The correspondence between these vectors and and chemical messanging in the body is quite a nice one. Consider a chemical in the body, or a value in one of these vectors. At first it is secreted more or less randomly / takes on random values. Then two things happen: 1. Where it happens to have predictive value, it is used more (via evolution / numerical optimization). 2. Based on how it is used, the pattern of secretion / value assigned is adjusted (again via evolution / numerical optimization). As this process iterates, a useful meaning emerges.

One might suppose much the same thing happens in human language also.

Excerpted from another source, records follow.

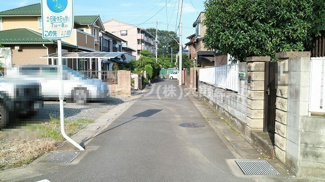 【前面道路含む現地写真】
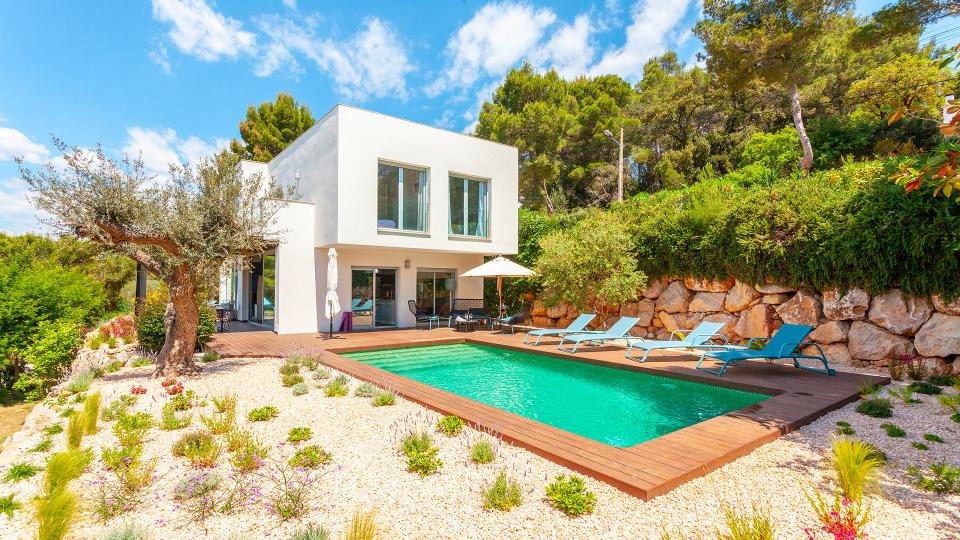 Luxury villa rentals Costa Brava Villanovo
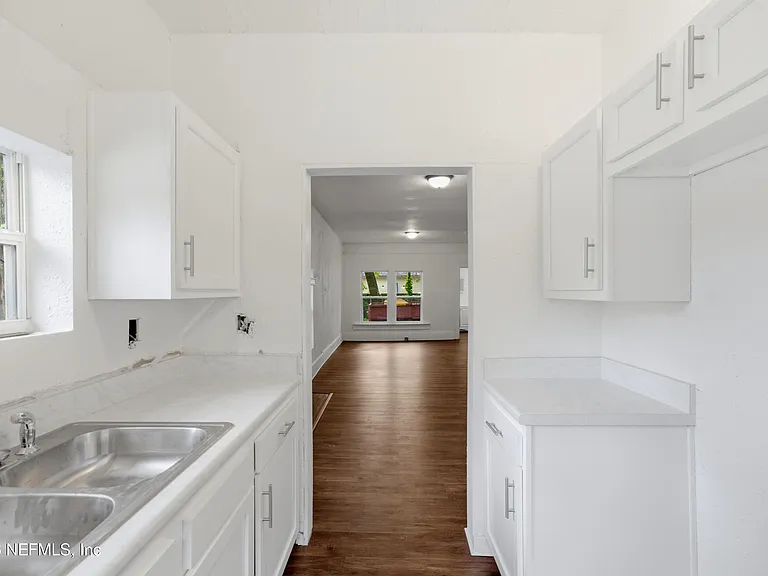 357 Crystal St — Photo 8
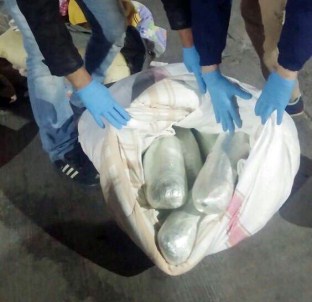 Konya'da Yolcu Otobüsünde Kubar Esrar Ele Geçirildi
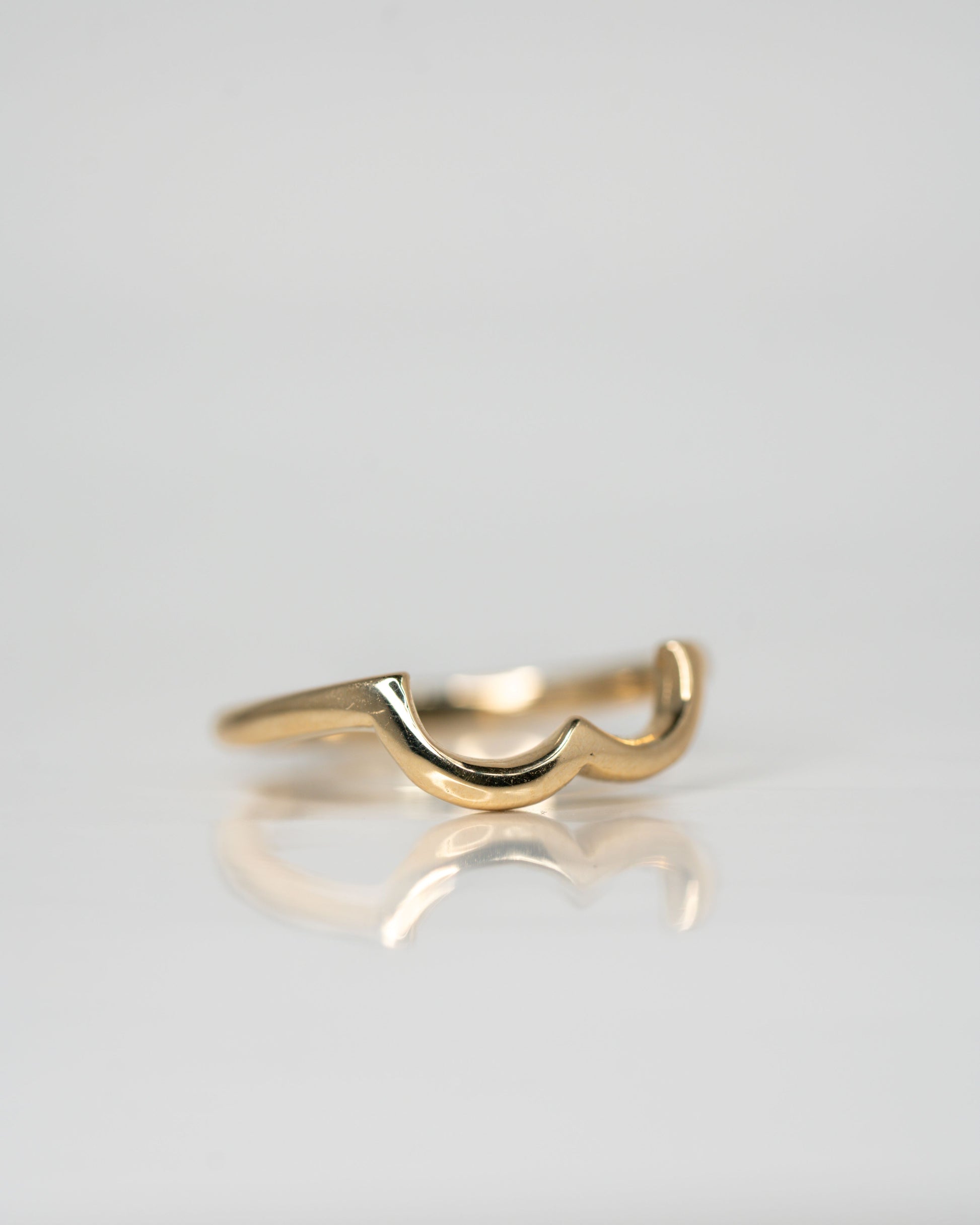 Side view of Bra Band in 14k yellow gold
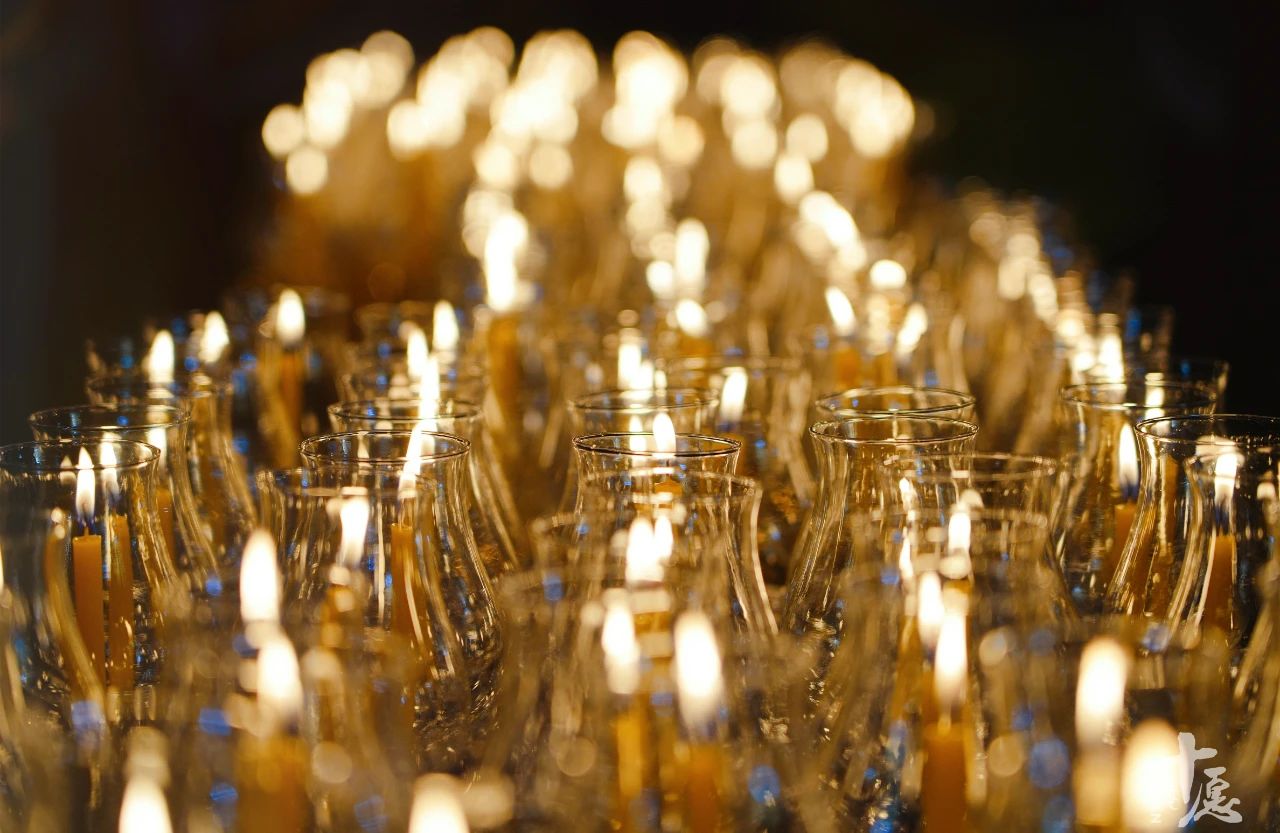 联合国卫塞节｜世界各地佛教长老为全球和平点灯祈福（多图）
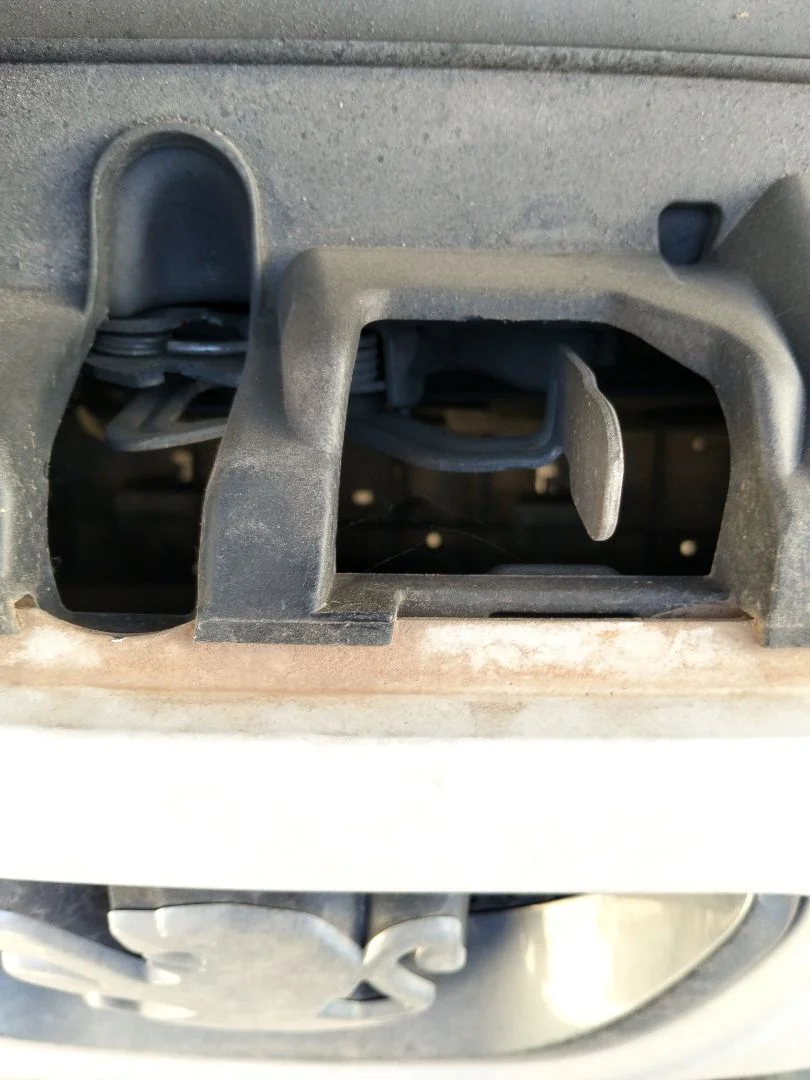 Foto de CERRADURA CAPO PEUGEOT 308 SW 1.6 HDi FAP CAT (9HZ / DV6TED4) (109 CV / 80 KW)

Since it is possible to arbitrarily rotate these vectors in such a way as to produce exactly the same results, I don't feel it would be right yet to equate the elements in these vectors with distinct words in the English language or chemical messages in the body. However, consider the scatter plot below, showing two elements of a four element vector describing movies in the NetFlix dataset:

Note how it is not simply a Gaussian blob. It has two protrusions, marked with arrows, as though it is the sum of two random variables with one fat tail apiece (eg skew-alpha-stable or skew-t).

I suspect that in the case of chemical messages, fat tailed meanings will tend to become axis aligned, as this will be easier to evolve. In the case of human language, axis aligned fat tails would be simpler to use and remember.

So if the protrusions above were axis aligned, thus disentangling those two random variables (aka ICA), then I would feel happy putting elements in these vectors on the same level as words and chemical messangers.